Is evolutionary psychology the next revolution in employment services?

Human beings are the product of almost 200,000 years of evolution.

 

Throughout this period and before, we have evolved complex means of behaving to operate within both the natural environment and our social groups in a way that has helped us survive and thrive.

 

These behaviours have become hardwired into our brains. Our in-built behavioural tendencies remain a very powerful part of how we respond to and operate within the world around us.

 

Four key behavioural drivers

 

As we seek to humanise employment services and improve our sector’s effectiveness (particularly in a NESM enhanced services context) it’s useful to consider how human psychology hasn’t changed.

 

While the 200 or so years since the industrial revolution might seem like a long time to those of us immersed in digital technology, this is really just the blink of an eye in terms of evolutionary time.

 

To enhance our employment services model for the future, we will be increasingly engaging with the understandings of evolutionary psychology - whether we do this consciously and purposefully or not.

 

Human behaviour in the context of employment and jobseeking can be understood with the help of four key behavioural science principles. Here is a brief summary of each principle.

 

  • We like easy

 

Human striving beyond our comfort zone is almost an expectation of our culture today.

 

For much of our evolution though, our survival has depended on doing the exact opposite - doing what is the easiest. By conserving energy, we ensured that we were able to sustain ourselves over longer periods of time and survive. Our brains live in a world where easy was the smart choice.

 

  • We are social

 

Human beings are social to the core. That’s because throughout evolutionary history we have always relied on and survived within tribes of close relatives and others. Not being social wasn’t a choice.

 

This means almost all our behaviour in our culture is driven by two things: impressing other people or avoiding embarrassment. If we can do both of these things, we are socially happy creatures.

 

  • We want control

 

Human beings desire control over their circumstances and destiny. We want this so much that, if we feel certain behaviours are forced on us (even if we want it or it is good for us) we will push back.

 

The move towards jobseeker choice and control is based on this fact. One survey found that 94% of jobactive participants say it is very important to have a say in the content of their employment plan.

 

  • Self-control is hard

 

We are terrible at exercising control over ourselves – despite our desire to master ourselves.

 

When it comes to self-regulating our behaviour - or the seemingly ongoing challenge of ending bad habits and building better ones - controlling ourselves can often seem like a truly momentous challenge, that shifts from one year’s list of New Year’s Resolutions to the next.

 

Lessons for employment services

 

These behavioural science principles indicate we are less like the productive machines we think we are or strive to be. With the inheritance of evolution in the form of hardwired behavioural tendencies, our days, months, and entire futures can be influenced or dominated by them.

 

It’s useful to ask how we might adapt employment service delivery to integrate behavioural science principles.
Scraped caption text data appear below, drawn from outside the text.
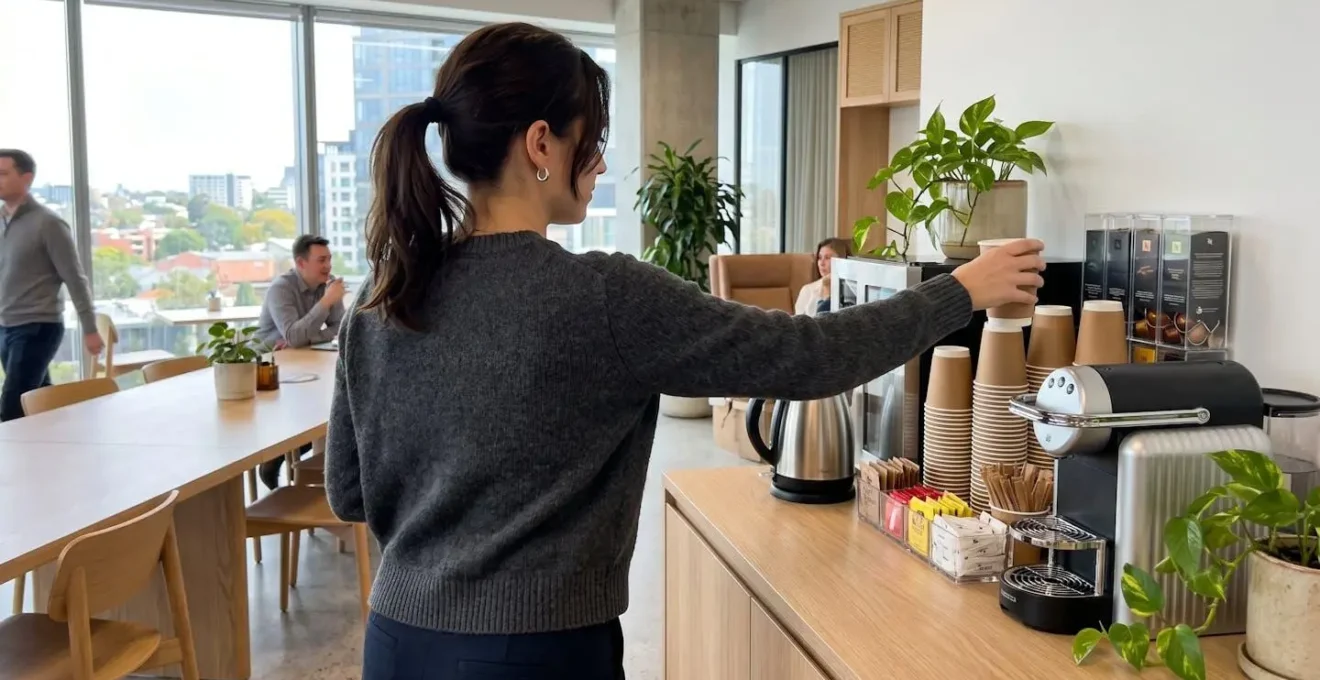 Un employé de bureau vu de dos tend la main vers un gobelet en carton posé sur un distributeur de boissons dans un espace pause lumineux et moderne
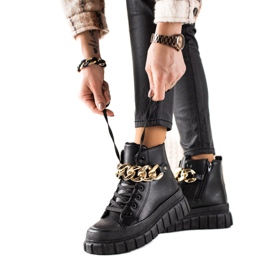 TRENDI Teplé boty Tenisky černý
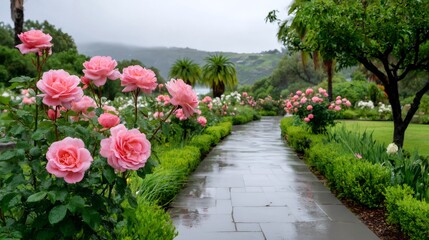 Pink roses blooming in a rainy botanical garden with a stone path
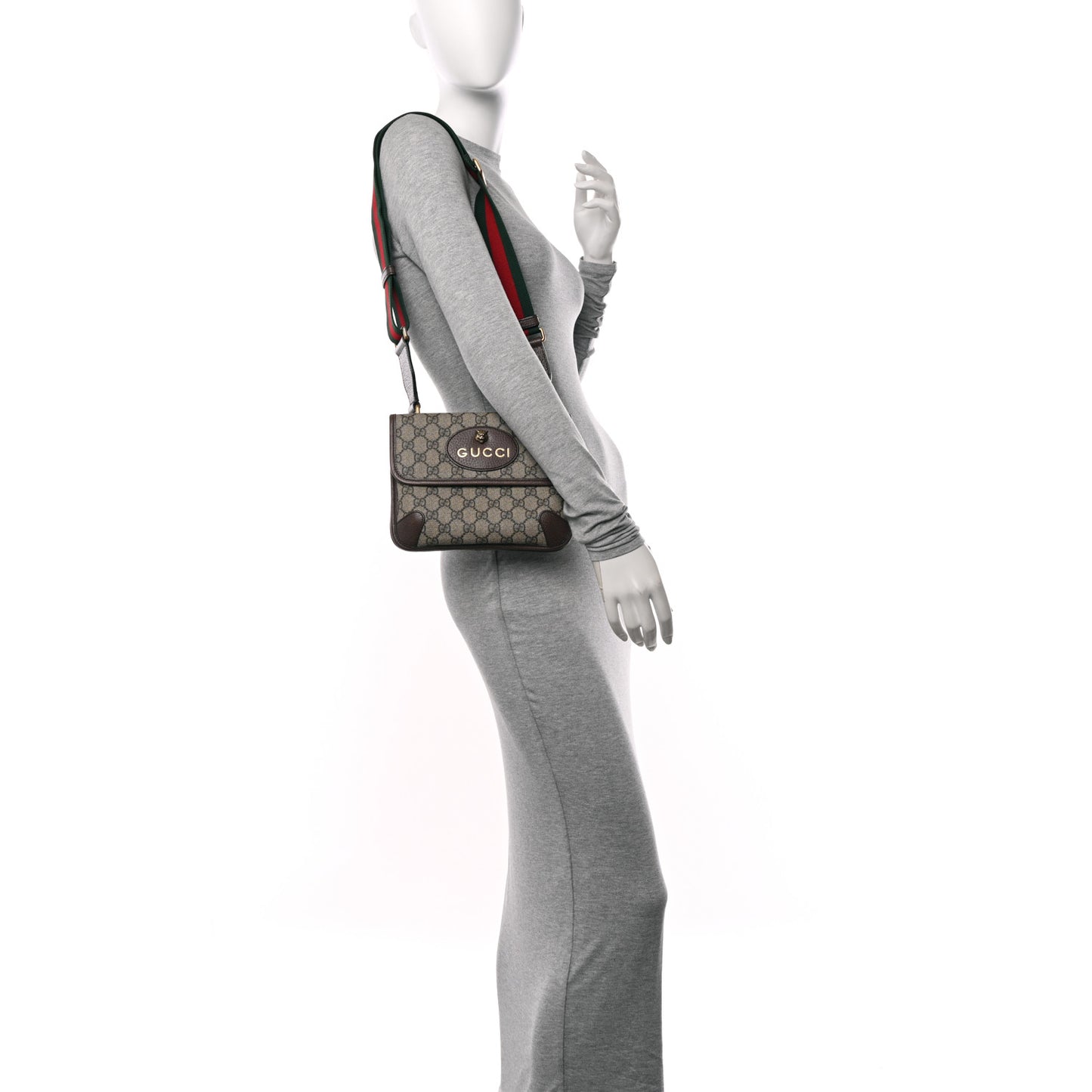 GG Supreme Monogram Web Small Neo Vintage Double Flap Messenger Bag Beige New Acero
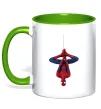 Чашка с цветной ручкой Spiderman upside down Лаймовый фото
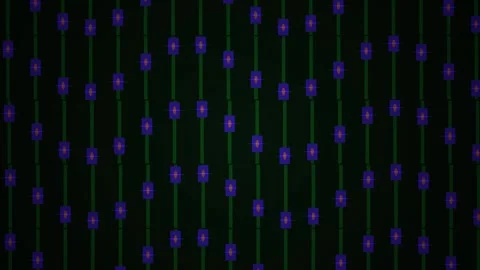 Glowing Nodes in an Abstract Grid on Green Vertical Lines for Tech Designs 스톡 동영상 343705627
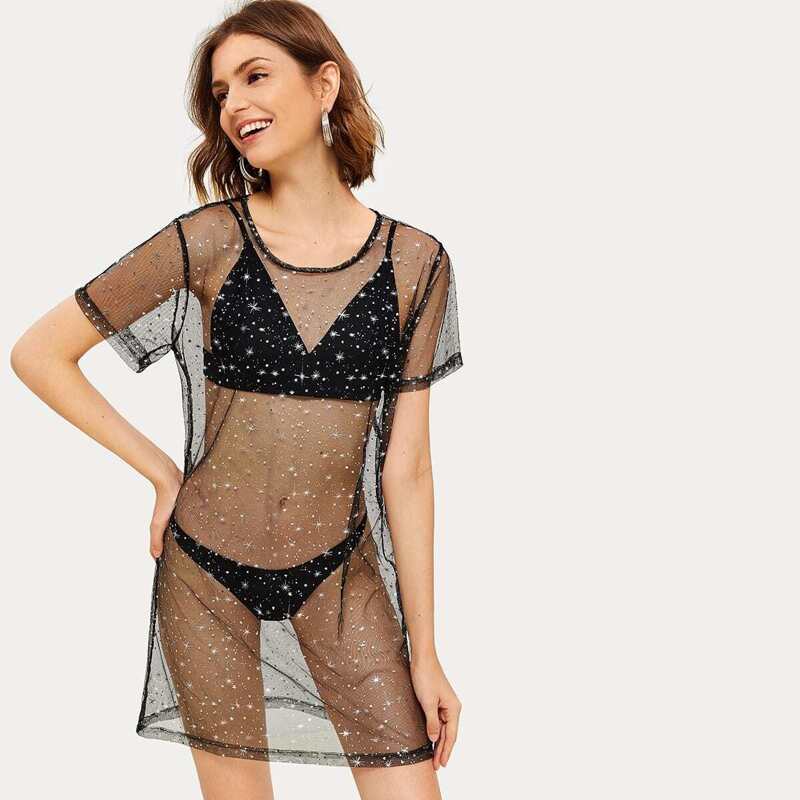 

Galaxy Print Sheer Mesh Dress, Black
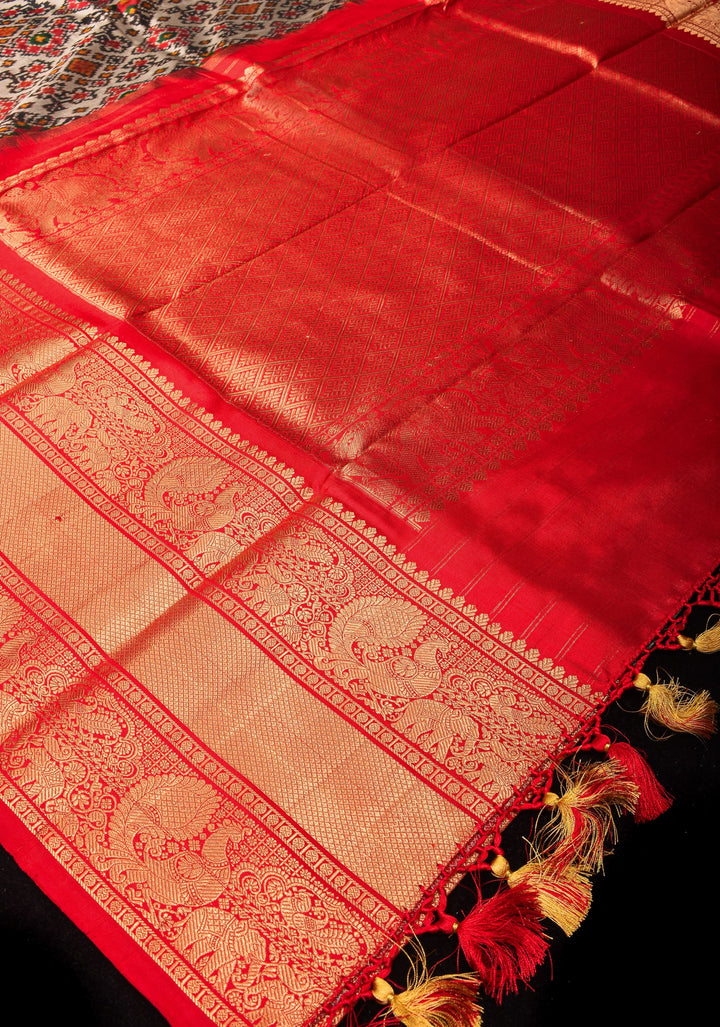 Gray and Red Ikkat Kanjivaram Fusion Silk Saree | SILK MARK CERTIFIED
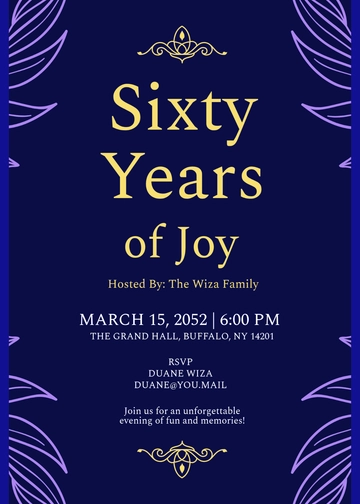 Free Purple and Blue Unique 60th Birthday Invitation Template to Edit Online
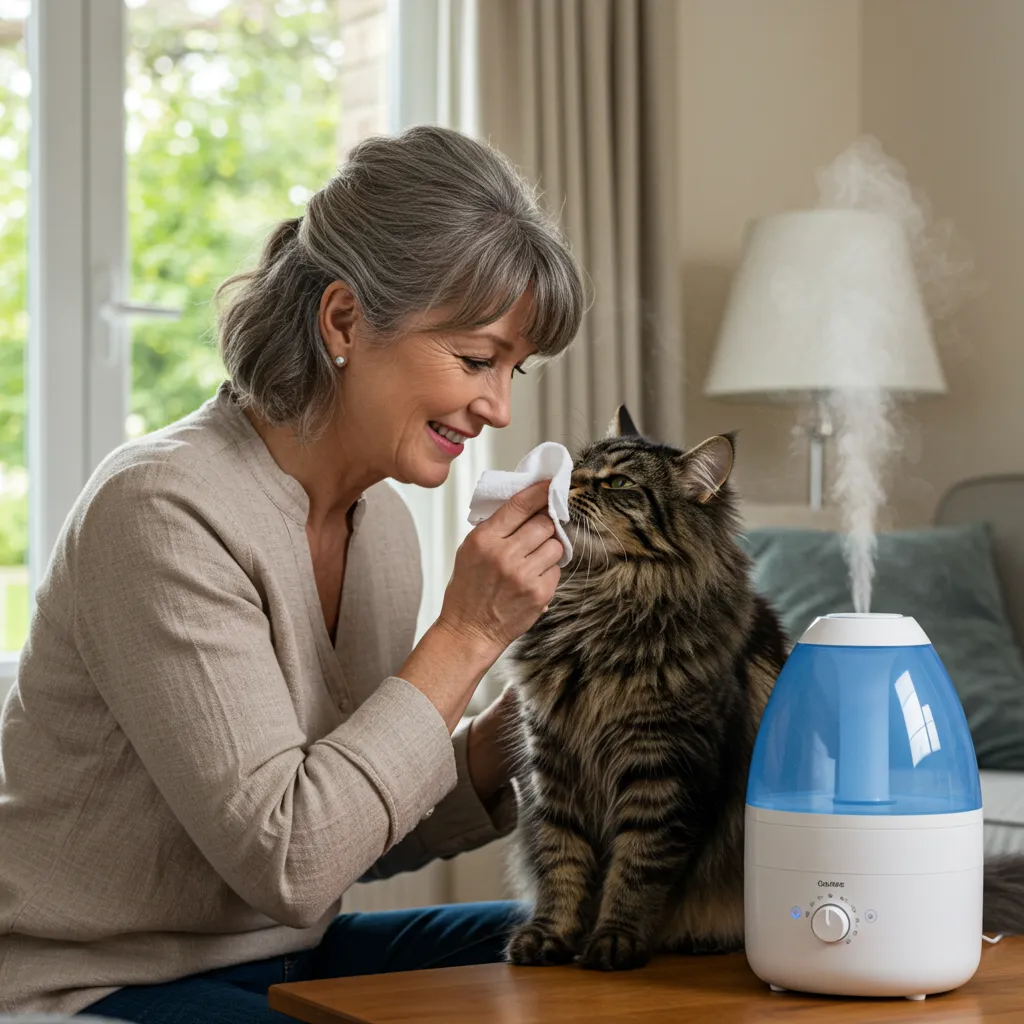 Pet owner providing care for a sneezing Norwegian Forest Cat with a humidifier.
How can we make jobseeking and entry into employment easier? How can we wrap jobseekers in positive social feedback to stimulate outcomes? How can we give participants more control in their future while supporting them to manage the difficulties of behavioural change?

 

As an employment services sector we need the wisdom to acknowledge these behavioural principles at work in our world and our pool of participants more fully. But we also need to realise that the world has changed: we are now better equipped to manage successful behavioural change.